The problem, as Torres warns, is that “now achieving a level of robustness and sufficient preparation cannot be improvised”. “Many companies and institutions,” he adds, “will find themselves with the harsh reality that, if they haven’t done their homework years ago, now it’s very difficult to take emergency measures.”
And he concludes: “Patching all the vulnerabilities in a network and generating a protocol on how to organize in the event of a service down is something that some have taken very seriously for a long time. Who has not done it on time will not be able to do it. It’s just like conventional military weakness: Even if a country is determined now to solve that problem, it won’t be able to do so for many years. This also happens in the civil sphere. Waiting for a crisis to break out to start taking action and devoting the necessary resources makes them late.”

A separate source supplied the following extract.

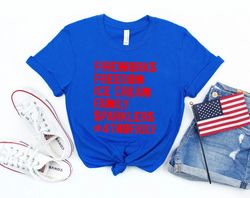 freedom shirt,4th of july 2022 shirt,freedom shirt,fourth of july shirt,patriotic shirt,independence day shirts,patrioti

Chester Wisniewski, principal investigator for Sophosa company specialized in state-of-the-art cybersecurity, agrees with the Europol advisor’s analysis: “Collateral damage and repercussions can occur for both people and organizations outside the main scenario.”
Wisniewski recommends “heeding the advice of the United States and other governments.” “They should be on high alert, take steps to protect their network and systems, and since physical security is paramount, consider steps to secure, shut down, or take down their physical networks and systems in Ukraine.”
And the researcher concludes: “In the end, it doesn’t matter if you are attacked by a State, a Russian supporter or the stereotypical teenager from some basement: you must have updated security systems, configured in layers to anticipate failures and carefully monitored to recognize signs of an ongoing attack.”